══ Extracted material

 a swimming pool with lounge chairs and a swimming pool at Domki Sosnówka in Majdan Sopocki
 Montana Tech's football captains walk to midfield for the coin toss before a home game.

════
══ Extracted material

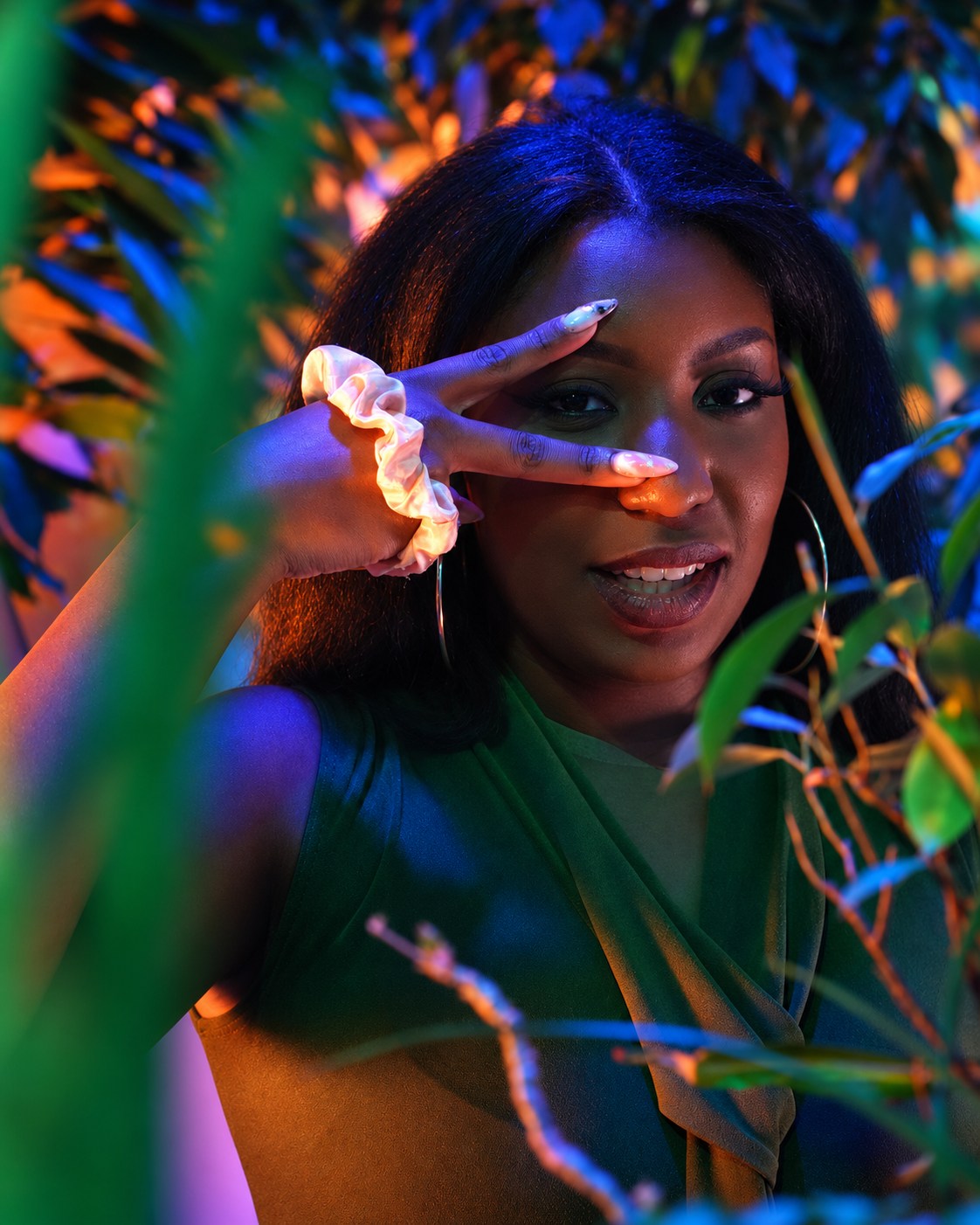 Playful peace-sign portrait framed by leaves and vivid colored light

════

What the exercise asks: Using the entries above, extract exactly the span from the line with "a swimming pool with" to the line with "Montana Tech's football", both lines included; leave out everything else.

Answer below:
 a swimming pool with lounge chairs and a swimming pool at Domki Sosnówka in Majdan Sopocki
 Montana Tech's football captains walk to midfield for the coin toss before a home game.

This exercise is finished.